2. Running

This chapter is split into two sections, one covering the practical aspects of running the model and the other covering the more conceptual aspects.

2.1. Practical

The following sections will outline the steps you need to take and commands will need to run the software and associated pre and post processing tools.

2.1.1. Getting Started

Download

Download the source code from Github: https://github.com/uaf-arctic-eco-modeling/dvm-dos-tem.git or clone the code using git:

git clone git@github.com:uaf-arctic-eco-modeling/dvm-dos-tem.git

It is also possible to download just the code for a specific release from the Releases page on Github.

Dependencies

To see the list of libraries that must be installed for dvmdostem to compile and run, look at the install commands in the project’s Dockerfile s.

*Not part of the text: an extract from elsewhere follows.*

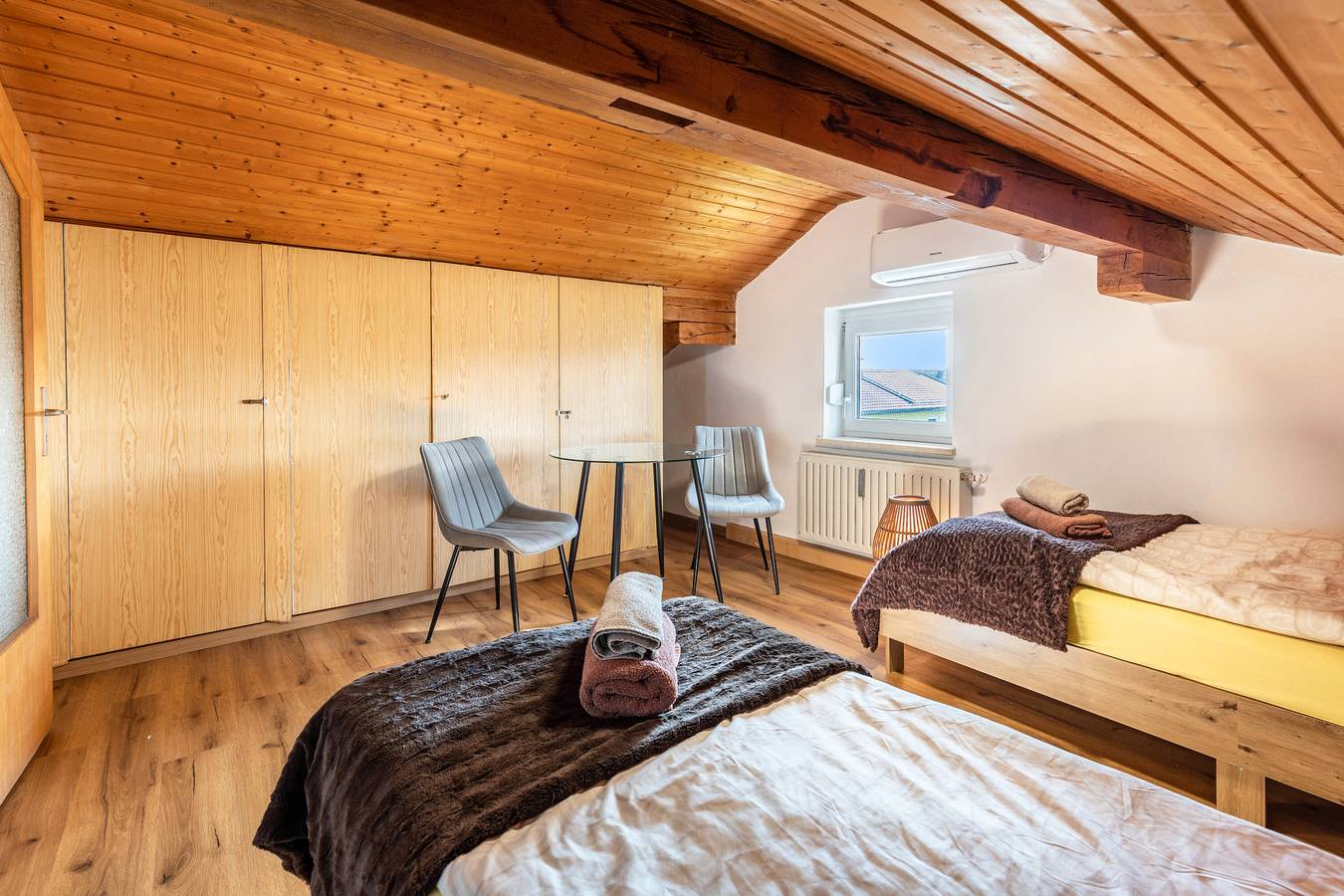 Attic apartment with air conditioning, in Freilassing in Freilassing, Rupertiwinkel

While the supporting scripts don’t need compilation, they require a bunch of supporting libraries and software to be installed. Again looking at the install commands and comments in the Dockerfile s will show the dependencies.

Compile

The dvmdostem program must be compiled from C++ source code. If you have the dependencies installed and accessible on your PATH, then you can install using make, executed from the root of the project. There is also a SCons file and the command scons can be used to compile.

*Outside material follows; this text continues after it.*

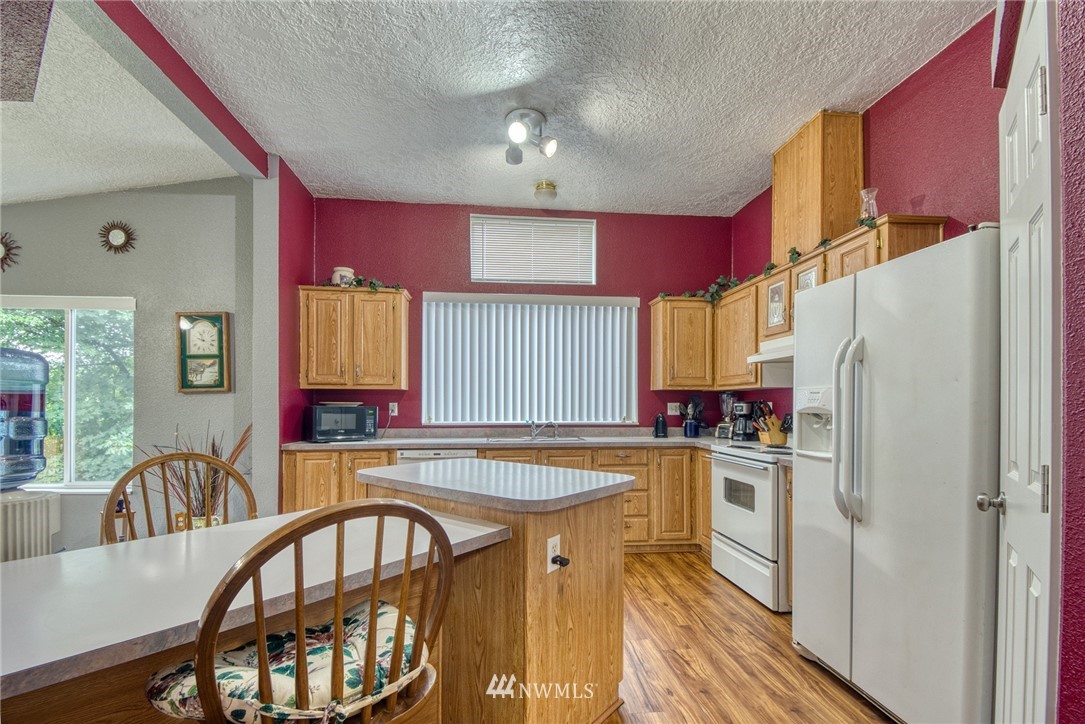 123 Longhorn Road Amboy, WA 98601 - Photo 6 of 21 Gallery Image 6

The majority, if not all, of the supporting scripts and tools are written in interpreted languages and don’t need compilation.

Install

There is not an explicit installation step for dvmdostem. You can add the directory where you keep the code (named dvm-dos-tem by default when you clone the repository), to your $PATH variable, or you can reference the scripts and other programs by their absolute path.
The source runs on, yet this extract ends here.